Richard_Ngo comments on Embedded Agency: Not Just an AI Problem

Richard_Ngo 27 Jun 2019 14:53 UTC
13 points
We have strong outside-view reasons to expect that the information processing in question probably approximates Bayesian reasoning (for some model of the environment), and the decision-making process approximately maximizes some expected utility function (which itself approximates fitness within the ancestral environment).
The use of “approximates” in this sentence (and in the post as a whole) is so loose as to be deeply misleading—for the same reasons that the “blue-minimising robot” shouldn’t be described as maximising some expected utility function, and the information processing done by a single neuron shouldn’t be described as Bayesian reasoning (even approximately!)
See also: coherent behaviour in the real world is an incoherent concept.
- johnswentworth 27 Jun 2019 16:41 UTC
  16 points
  Parent
  I think the idea that real-world coherence can’t work mainly stems from everybody relying on the VNM utility theorem, and then trying to make it work directly without first formulating the agent’s world-model as a separate step. If we just forget about VNM utility theorem and come at the problem from a more principled Bayesian angle instead, things work out just fine.
  Here’s the difference: VNM utility theorem postulates “lotteries” as something already present in the ontology. Agents have preferences over lotteries directly, and agents’ preferences must take probabilities as inputs. There’s no built-in notion of what exactly “randomness” means, what exactly a “probability” physically corresponds to, or anything like that. If we formulate those notions correctly, then things work, but VNM utility does not itself provide the formulation, so everybody gets confused.

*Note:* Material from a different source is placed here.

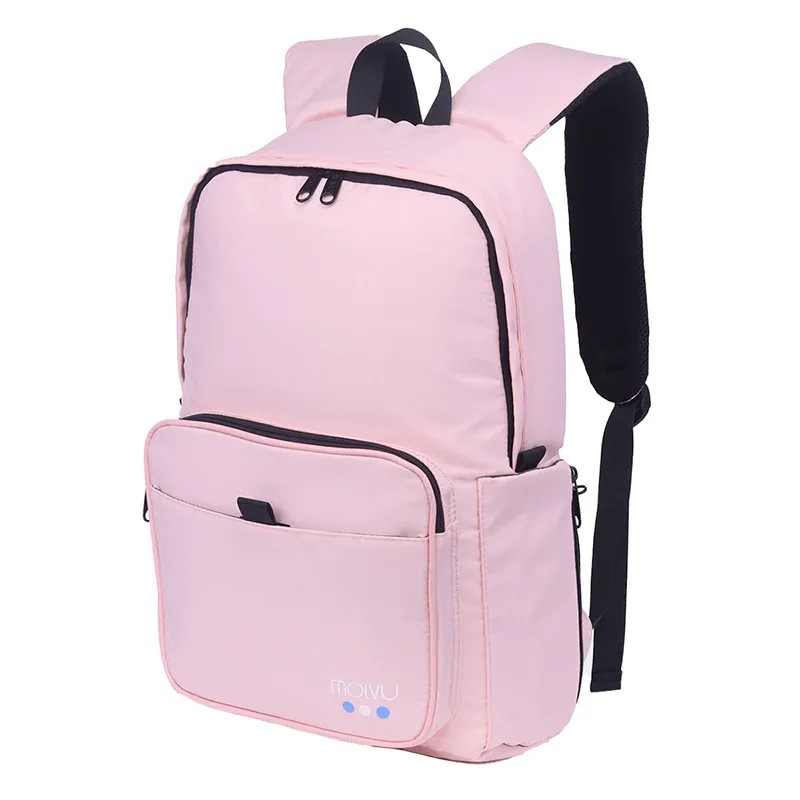 Mochila Molvu U5 color rosa para laptop - 15.6"
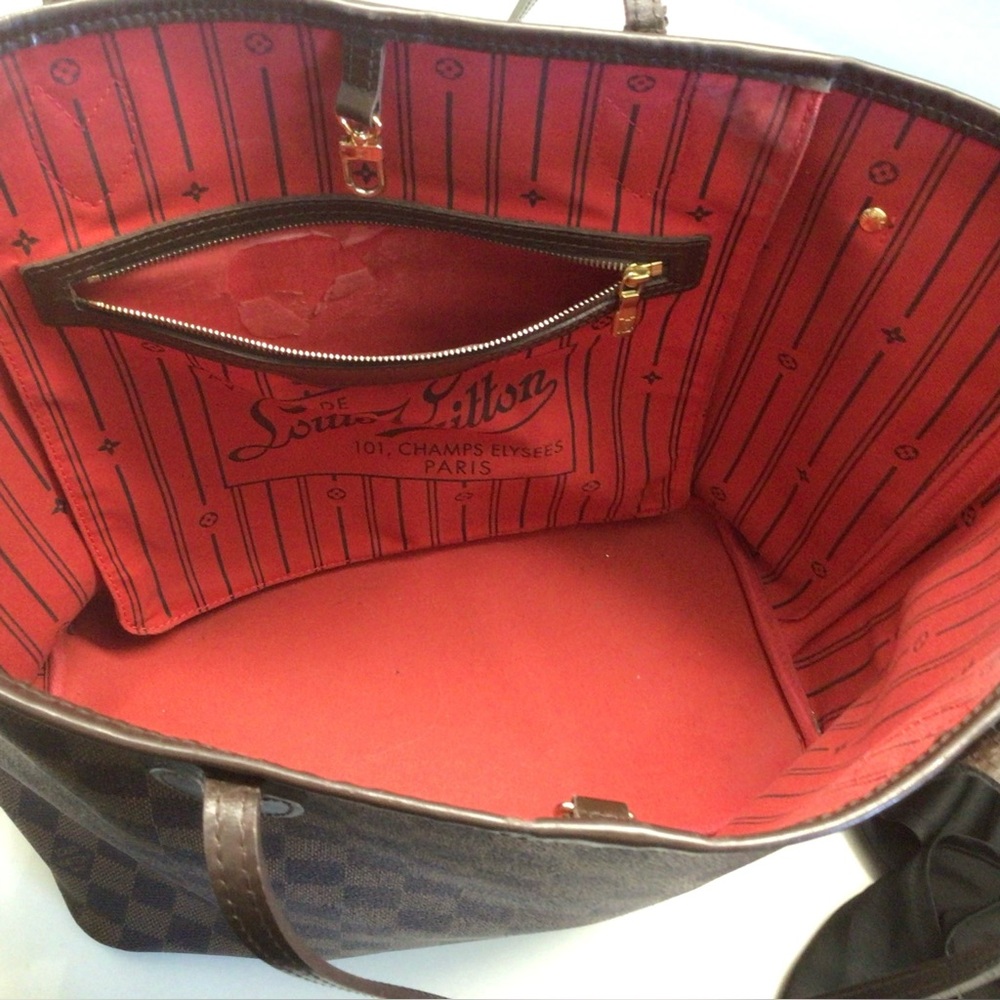 Louis Vuitton Damier Neverfull MM Tote Bag - Picture 15 of 16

  Contrast that with e.g. FTAP + dutch book arguments: these provide a similar-looking conclusion to VNM utility theory (i.e. maximize expected utility), but the assumptions are quite different. In particular, they do not start with any inherent notion of “probability”—assuming inexploitability, they show that some (not necessarily unique) probability distribution exists, under which the agent can be interpreted as maximizing utility. This puts focus on the real issue: what exactly is the agent’s world-model?
  As you say in the post you linked:
  those hypothetical choices are always between known lotteries with fixed probabilities, rather than being based on our subjective probability estimates as they are in the real world… VNM coherence is not well-defined in this setup, so if we want to formulate a rigorous version of this argument, we’ll need to specify a new definition of coherence which extends the standard instantaneous-hypothetical one.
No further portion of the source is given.